Codegen provides powerful capabilities for analyzing and visualizing function call relationships in your codebase. This guide will show you how to traverse the call graph and create visual representations of function call paths.

Understanding Call Graph Traversal

At the heart of call graph traversal is the .function_calls property, which returns information about all function calls made within a function:

def example_function():
    result = helper_function()
    process_data()
    return result

# Get all calls made by example_function
successors = example_function.function_calls
for successor in successors:
    print(f"Call: {successor.source}")  # The actual function call
    print(f"Called: {successor.function_definition.name}")  # The function being called

Building a Call Graph

Here’s how to build a directed graph of function calls using NetworkX:

import networkx as nx
from codegen.sdk.core.interfaces.callable import FunctionCallDefinition
from codegen.sdk.core.function import Function

def create_call_graph(start_func, end_func, max_depth=5):
    G = nx.DiGraph()

    def traverse_calls(parent_func, current_depth):
        if current_depth > max_depth:
            return

        # Determine source node
        if isinstance(parent_func, Function):
            src_call = src_func = parent_func
        else:
            src_func = parent_func.function_definition
            src_call = parent_func

        # Traverse all function calls
        for call in src_func.function_calls:
            func = call.function_definition

            # Skip recursive calls
            if func.name == src_func.name:
                continue

            # Add nodes and edges
            G.add_node(call)
            G.add_edge(src_call, call)

            # Check if we reached the target
            if func == end_func:
                G.add_edge(call, end_func)
                return

            # Continue traversal
            traverse_calls(call, current_depth + 1)

    # Initialize graph
    G.add_node(start_func, color="blue")  # Start node
    G.add_node(end_func, color="red")     # End node

    # Start traversal
    traverse_calls(start_func, 1)
    return G

# Usage example
start = codebase.get_function("create_skill")
end = codebase.get_function("auto_define_skill_description")
graph = create_call_graph(start, end)

Filtering and Visualization

You can filter the graph to show only relevant paths and visualize the results:

# Find all paths between start and end
all_paths = nx.all_simple_paths(graph, source=start, target=end)
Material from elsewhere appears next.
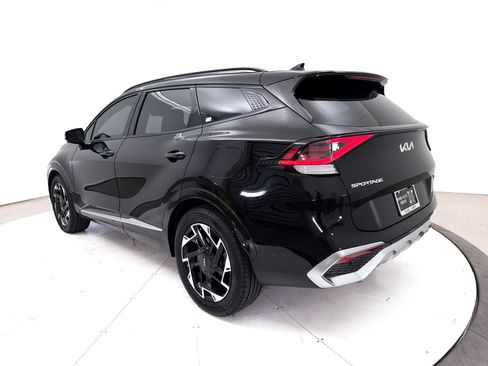 Certified 2023 Kia Sportage SX FWD image 17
# Create subgraph of only the nodes in these paths
nodes_in_paths = set()
for path in all_paths:
    nodes_in_paths.update(path)
filtered_graph = graph.subgraph(nodes_in_paths)

# Visualize the graph
codebase.visualize(filtered_graph)

Advanced Usage

Example: Finding Dead Code

You can use call graph analysis to find unused functions:

def find_dead_code(codebase):
    dead_functions = []
    for function in codebase.functions:
        if not any(function.function_calls):
            # No other functions call this one
            dead_functions.append(function)
    return dead_functions

Example: Analyzing Call Chains

Find the longest call chain in your codebase:

def get_max_call_chain(function):
    G = nx.DiGraph()

    def build_graph(func, depth=0):
        if depth > 10:  # Prevent infinite recursion
            return
        for call in func.function_calls:
            called_func = call.function_definition
            G.add_edge(func, called_func)
            build_graph(called_func, depth + 1)

    build_graph(function)
    return nx.dag_longest_path(G)

The .function_calls property is optimized for performance and uses Codegen’s internal graph structure to quickly traverse relationships. It’s much faster than parsing the code repeatedly.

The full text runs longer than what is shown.